The mechanism/algorithms below has these primary goals:
  - Select a backend for each possible input value
    The mechanism must not be limited to a subset of the possible selection-attribute values. e.g. IP-address range.
  - Support non-fixed number of backends
    The mechanism must support a dynamic pool of backends where backends appear and disappear.
  - Support backends that does not have equal capacity.
    The mechanism must support that the backends does not have equal capacity and must distribute the load accordingly.
The mechanism has the additional goals:
  - Low memory usage
    The mechanism must not keep track of each possible or active selection-attribute backend assignment. Eg. it must not use 2^32 internal elements to support the full IPv4 address range.
  - High speed
    The mechanism should only use non-negligible processing power compared to a eg. system call or forwarding a UDP packet.
  - Avoid generating "spikes" in redistributions
    When the load capacity of a backend increase the mechanism must redistribute the load gradually so backend does not get a spike of new requests. When the load capacity of a backend decreases the mechanism must gradually move load to other backends so the other backends do not get a spike of new requests.
     

The important thing to do about the potentially large input key space (eg. IPv4 = 2^32) is to cut the address space into groups. And then keep track of which backend each group is assigned to. The mechanism also has to remember which backends exist and what their estimated load capacity currently is.

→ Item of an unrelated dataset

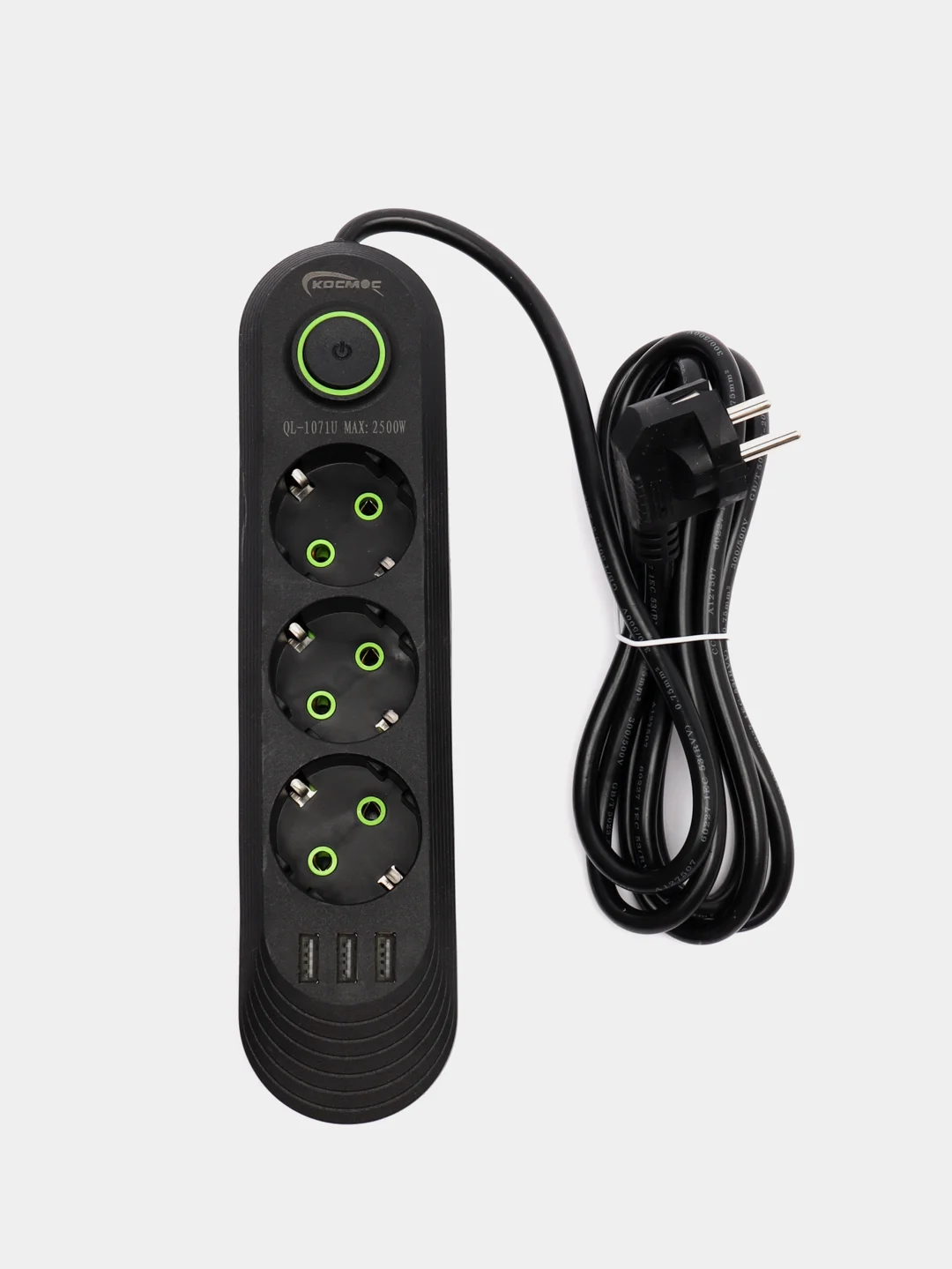 Черный сетевой фильтр, с USB разъемами, 2 м, 3 м, 5 м, удлинитель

The primary operation of the mechanism is to map an input key to a backend ID. Given the data strucures above this operation will be easy and fast:
  1: calculcate the key group of the key. Eg. take the low 5 bit of the key
  2: lookup in the keygroup-to-backend assignment.
The mechanism also has these "housekeeping" operations:
  - Register a backend / make a backend appear.
    The backend will be registered with a specified load capacity but nothing else will be done. key group assignment is only done when the application decides that there is time to consider redistribution.
  - Deregister a backend / make a backend disappear.
    The key groups assigned to the backend must be distributed to the remaining backends - a key group must never point to a non-existing backend. The backend can then be deregistered.
  - Update the estimated load capacity of a backend.
    The backend registration is modified, and the mechanism notes that it may be worth considering redistributing the assignments.
  - Redistribute the load.
    If backends have been registered/deregistered or have had their capcity estimate changed since the load evenly distributed then it is worth considering if the load can be evened out. Otherwise this operation is a no-op. To avoid spikes only one keygroup is moved per operation. This makes it possible for the application to decide how gradual the load change should be done.

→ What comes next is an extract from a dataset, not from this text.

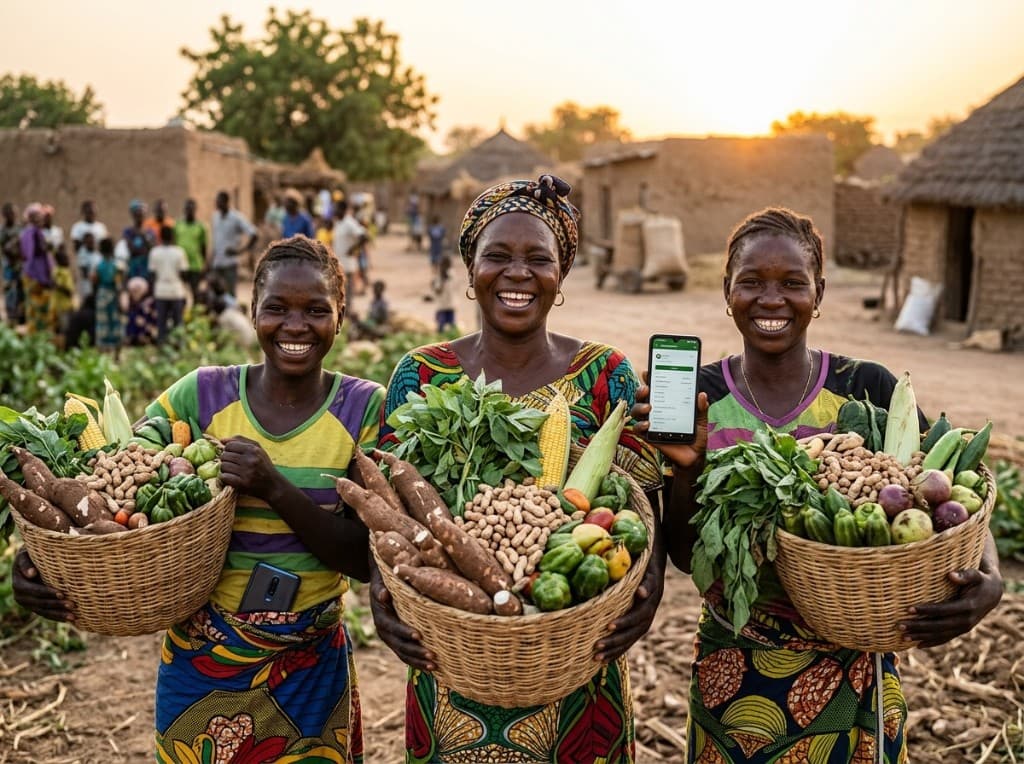 Agriculteurs africains unis autour de la récolte, l'une consulte SoiLinks sur son téléphone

Load assignment versus actual load
The mechanism does not take into account how much load is actually generated by the selection because the mechanism does not know how expensive each the work is. This can lead to some regressions if an abnormally high percentage of a single key group generates requests that are disproportional computational expensive, leading to uneven actual load. The only way to combat this is identify which types of requests are expensive and use a separate distributor with finer granularity to spread to load across the backends.

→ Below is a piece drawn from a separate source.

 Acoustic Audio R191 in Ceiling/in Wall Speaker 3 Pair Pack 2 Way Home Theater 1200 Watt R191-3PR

Total capacity versus spare capacity
The assumption of the mechanism is that the load capacity estimates are absolute and not relative, meaning that they represent the potential capacity available for the work ignoring the load currently used by the work, e.g. idle CPU time is a bad estimate. In truth, the distributor is technically not a load balancing algorithm but instead a load sharing algorithm.

Performance of the example implementation:
The C++ implementation on a intel E6850 (3GHz) with GCC4 with -O3 achieves approximately 500.000.000 selectNode() operations per second. If the algorithm were to be used for distributing even minimum-size ethernet frames (ieee802.3: ~37 octets on-wire) then it could be used to saturate a 148Gbps link.